Eh bien! cette musique vocale, d'un aspect si désagréable, d'un effet si constamment acerbe, cette musique dramatique française, que l'on dit si pauvre, possède un trésor, un diamant, une escarboucle; et ce trésor, c'est son auditoire!... Oui, son auditoire, prodige en 1856! La civilisation doit l'en priver un jour, mais alors nos paroliers, devenus poètes, permettront à nos musiciens de changer de gamme, et de triompher avec les voix comme ils ont fait toujours avec les instruments.

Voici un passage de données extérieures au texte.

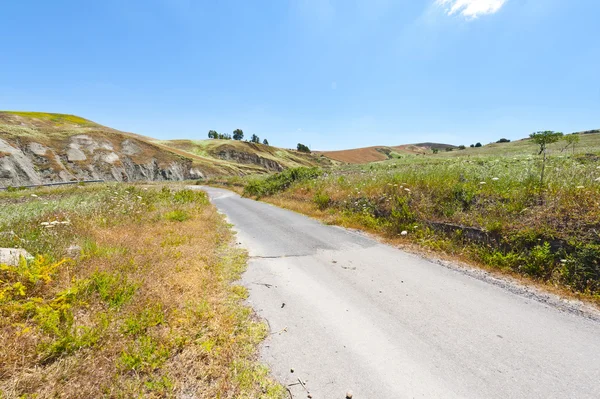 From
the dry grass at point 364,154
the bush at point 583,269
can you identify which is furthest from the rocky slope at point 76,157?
the dry grass at point 364,154

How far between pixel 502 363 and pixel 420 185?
23.7 feet

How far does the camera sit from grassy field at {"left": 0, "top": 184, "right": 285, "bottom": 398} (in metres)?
→ 2.55

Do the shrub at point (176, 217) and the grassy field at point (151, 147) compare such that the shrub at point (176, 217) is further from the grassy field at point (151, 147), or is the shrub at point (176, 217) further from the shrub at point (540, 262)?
the grassy field at point (151, 147)

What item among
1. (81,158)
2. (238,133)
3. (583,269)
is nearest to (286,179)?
(583,269)

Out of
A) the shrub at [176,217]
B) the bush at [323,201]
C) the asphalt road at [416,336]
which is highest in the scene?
the bush at [323,201]

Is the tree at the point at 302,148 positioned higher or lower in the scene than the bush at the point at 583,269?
higher

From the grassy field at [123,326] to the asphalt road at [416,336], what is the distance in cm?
54

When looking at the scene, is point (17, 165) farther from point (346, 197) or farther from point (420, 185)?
point (420, 185)

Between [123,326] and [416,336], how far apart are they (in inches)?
161

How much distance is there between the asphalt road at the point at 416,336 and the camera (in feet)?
8.72

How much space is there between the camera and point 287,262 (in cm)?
647

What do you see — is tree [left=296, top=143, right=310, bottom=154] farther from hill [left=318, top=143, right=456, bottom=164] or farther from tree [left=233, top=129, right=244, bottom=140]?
tree [left=233, top=129, right=244, bottom=140]

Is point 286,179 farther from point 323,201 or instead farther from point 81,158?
point 81,158

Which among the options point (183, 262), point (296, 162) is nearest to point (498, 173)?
point (183, 262) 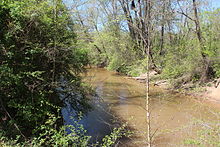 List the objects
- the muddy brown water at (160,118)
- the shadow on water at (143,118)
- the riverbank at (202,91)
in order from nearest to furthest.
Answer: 1. the muddy brown water at (160,118)
2. the shadow on water at (143,118)
3. the riverbank at (202,91)

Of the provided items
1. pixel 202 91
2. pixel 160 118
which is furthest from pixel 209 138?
pixel 202 91

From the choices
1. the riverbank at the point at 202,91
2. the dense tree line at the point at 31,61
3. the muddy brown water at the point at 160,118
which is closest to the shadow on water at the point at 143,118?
the muddy brown water at the point at 160,118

Le palais des Champs-Élysées nous montre la France distribuant des couronnes aux habitants du pays comme aux étrangers. Des prix sont décernés à ceux dont l'ingénieuse et patiente industrie, en faisant germer, prospérer la graisse des boeufs, [-15-] affranchit les coursiers de ce fardeau nuisible; à ceux qui présentent des ânes bien membrés, bien plantés, dressant de superbes oreilles, comme s'ils flairaient une cantate rimée pour l'Institut. Vous rémunérez ceux qui font rouler à vos pieds la sphère immense d'un potiron; ceux qui vous amènent des coqs d'Inde assez grands, assez forts pour trainer un cabriolet; ceux que l'invention d'une poire, d'une pomme, d'une fraise recommande à l'Académie des gastrolatres. Un virtuose de Beni-Moussa voit avec orgueil la médaille de cent francs appendue au cou de sa truie. C'est à merveille, parfait; on ne saurait trop favoriser la fabrication des biftecs, des pieds de cochon, des volatiles précieux que la truffe doit aromatiser.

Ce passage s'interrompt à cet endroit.